The aim of this project is to study, at a molecular detail, the folding and aggregation of long polyglutamine (PolyQ) chains. Under some circumstances, these peptides fold onto themselves adopting a metastable conformation that is believed to be the nucleus for subsequent polymerization of additional chains. Our work is motivated by a desire to understand the molecular mechanisms behind such a nucleated growth polymerization process, and by the fact that polyglutamine is of central importance in a number of neurodegenerative disorders, most notably Huntington's Disease; literature studies concur in that a better understanding of the thermodynamics and kinetics of PolyQ folding and aggregation will accelerate the development of therapeutic treatments for Huntington's and other expanded PolyQ diseases.

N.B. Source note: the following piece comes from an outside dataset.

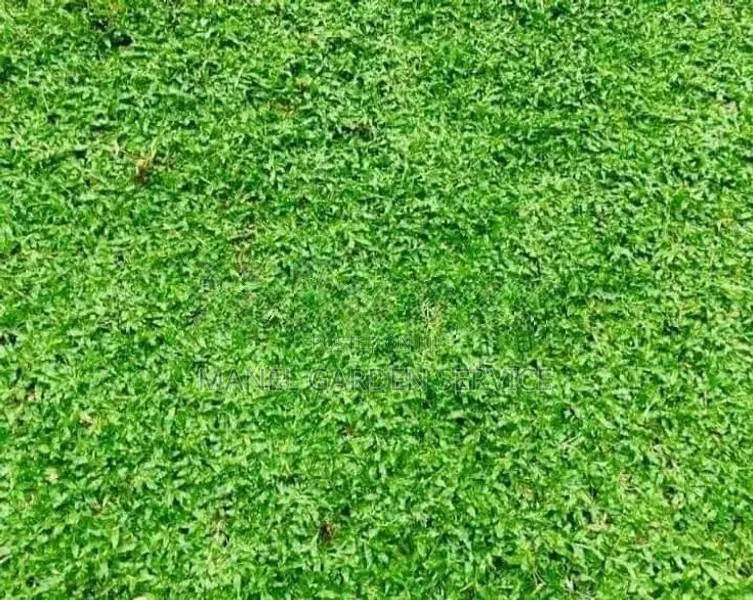 Malaysian Grass Interlock Paving Landscaping Design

With this goal in mind, the project has been divided into several sub-projects involving:

• the development of new simulation techniques that will enable efficient study of the PolyQ folding and aggregation processes, including a detailed analysis of the relevant transition states
• the study of the folding process of individual PolyQ chains into plausible, metastable candidate folded structures
• the study of the polymerization or aggregation process of multiple chains into stable oligomeric aggregates
• the study of the effects of additives (solutes) and site mutations on the folding of individual chains and the aggregation of multiple chains

A detailed, atomic-level understanding of the pathways through which polyglutamine folds and polymerizes will emerge out of these studies, as well as methodological and fundamental advances that will have a positive, wide-ranging impact on the scientific community's ability to understand protein misfolding and aggregation. Finally, the insights into PolyQ structure and dynamics under a variety of conditions will be of considerable use for development of therapeutic strategies.